Mr. Chair, in reflection on these good questions that have been raised by my colleague opposite, there are some cards, I believe, to be played here that maybe, as an international diplomatic community, we have not fully deployed.
I do believe that a chapter 7 possibility is there. There may come a time when we have to give that consideration. I am as disturbed and as pessimistic as he is about the past history of the Khartoum regime. Winston Churchill said, “We learn from history that we learn nothing from history”. I like most of Churchill's proclamations, I would like them to stand, but I would like to see this one disproved.
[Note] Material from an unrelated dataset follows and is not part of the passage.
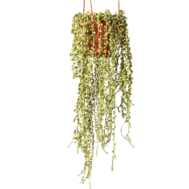 String of Pearls Hanging Plant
Who would the regime listen to, really? Would it listen to Canada? We have two RCMP officers over there. We have sent resources. The regime has not really listened to us though. Who might it listen to? It might listen to China. China is very heavily invested in Sudan, in Khartoum. I might suggest that we could be appeal to the diplomatic sense of China. I was able to share with President Hu Jintao, when he was here on his visit last year, that after 1945 China was made a member of the Security Council because other countries had a vision that China could be a stabilizing force in their part of the world.
I think we should be appealing to China's sense of destiny, if we want to call it that, to be a stabilizing force and put diplomatic pressure on the Khartoum regime. That is one of the number of diplomatic cards that could be played. I do not know if it has been fully deployed but it should be. After those type of things, we would have to stay open to the consideration of a possible chapter 7.